2. Die angefochtenen Steuerbescheide waren antragsgemäß aufzuheben, weil die Klägerin in ihrer Eigenschaft als Insolvenzverwalterin der A weder durch eigene Handlungen Zahlungsvorgänge angefochten hatte, noch die streitigen Umsatzsteuerbeträge zur Masse ziehen konnte. Eine Pflicht zur Berichtigung nach § 17 Abs. 2 Nr. 1 Satz 2 UStG hätte nur dann bestanden, wenn durch ihr Handeln Masseverbindlichkeiten entstanden wären (BFH, Urteil vom 15. Dezember 2016 V R 26/16, BStBl II 2017, 571). Nur der als Masseverbindlichkeit anzusetzende Teil des Umsatzsteueranspruchs darf durch Steuerbescheid gegen den Insolvenzverwalter geltend gemacht werden (BFH, Urteil vom 30. April 2009 V R 1/06, BStBl II 2010, 138; vgl. auch BFH, Beschluss vom 13. November 2018 V B 60/18, BFH/NV 2019, 134).

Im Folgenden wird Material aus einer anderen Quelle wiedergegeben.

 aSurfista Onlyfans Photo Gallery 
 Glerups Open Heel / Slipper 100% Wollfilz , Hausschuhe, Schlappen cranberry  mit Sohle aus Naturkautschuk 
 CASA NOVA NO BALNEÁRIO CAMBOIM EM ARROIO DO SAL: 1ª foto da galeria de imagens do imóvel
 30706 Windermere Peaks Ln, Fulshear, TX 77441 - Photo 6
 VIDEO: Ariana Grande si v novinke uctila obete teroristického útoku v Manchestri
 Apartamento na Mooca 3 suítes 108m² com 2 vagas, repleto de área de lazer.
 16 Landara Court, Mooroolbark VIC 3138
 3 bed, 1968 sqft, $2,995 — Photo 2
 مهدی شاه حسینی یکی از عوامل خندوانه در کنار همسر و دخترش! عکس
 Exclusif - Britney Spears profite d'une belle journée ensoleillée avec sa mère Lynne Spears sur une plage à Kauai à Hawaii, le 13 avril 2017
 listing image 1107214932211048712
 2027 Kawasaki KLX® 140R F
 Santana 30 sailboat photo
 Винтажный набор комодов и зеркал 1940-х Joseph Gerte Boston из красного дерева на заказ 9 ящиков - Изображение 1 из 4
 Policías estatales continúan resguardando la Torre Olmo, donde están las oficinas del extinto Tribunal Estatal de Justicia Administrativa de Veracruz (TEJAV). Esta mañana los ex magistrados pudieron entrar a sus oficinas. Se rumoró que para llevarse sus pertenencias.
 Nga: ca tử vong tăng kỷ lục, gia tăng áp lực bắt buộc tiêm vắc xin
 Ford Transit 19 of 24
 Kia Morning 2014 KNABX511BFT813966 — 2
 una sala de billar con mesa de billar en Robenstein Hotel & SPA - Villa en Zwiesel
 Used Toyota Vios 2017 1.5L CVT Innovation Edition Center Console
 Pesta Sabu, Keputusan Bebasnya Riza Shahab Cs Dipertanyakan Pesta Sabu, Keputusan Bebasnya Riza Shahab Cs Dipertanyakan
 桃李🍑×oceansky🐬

Das Gericht hat im vorliegenden Verfahren nicht darüber zu entscheiden, ob der Beigeladene durch Steuerbescheid in Anspruch zu nehmen ist. Dafür könnte aber sprechen, dass sowohl der zunächst in Anspruch genommene Vorsteuerabzug als auch die notwendige Berichtigung ausschließlich auf das Handeln der B bzw. des Beigeladenen zurückzuführen sind. Hätte B die an A gerichteten Rechnungen der Lieferanten nicht bezahlt, wären die Entgelte schon bei Erhalt der Lieferungen uneinbringlich gewesen und B hätte den Vorsteuerabzug für die noch bestehende Organschaft nicht in Anspruch nehmen können. Es ist kein Grund ersichtlich, weshalb die Verantwortung zur Berichtigung auf A übergehen soll, obwohl der Beigeladene gerade die Zahlungen angefochten hat, die den streitigen Vorsteuerabzug erst ermöglicht hatten. Die Frage, ob insoweit Masseforderungen oder Insolvenzforderungen vorliegen, hängt nicht von den behaupteten Buchungen auf den Verrechnungskonten ab. Dies gilt jedenfalls insoweit, als solche Buchungen nach Beendigung der Organschaft keine Grundlage mehr hatten, und die vom Insolvenzverwalter der B behaupteten Ausgleichansprüche gegenüber A von Anfang an wertlos waren.

II. Die Entscheidung über die Kosten beruht auf § 135 Abs. 1 FGO. Die Entscheidung über die vorläufige Vollstreckbarkeit beruht auf § 151 FGO i.V.m. §§ 708 Nr. 10 und 711 ZPO.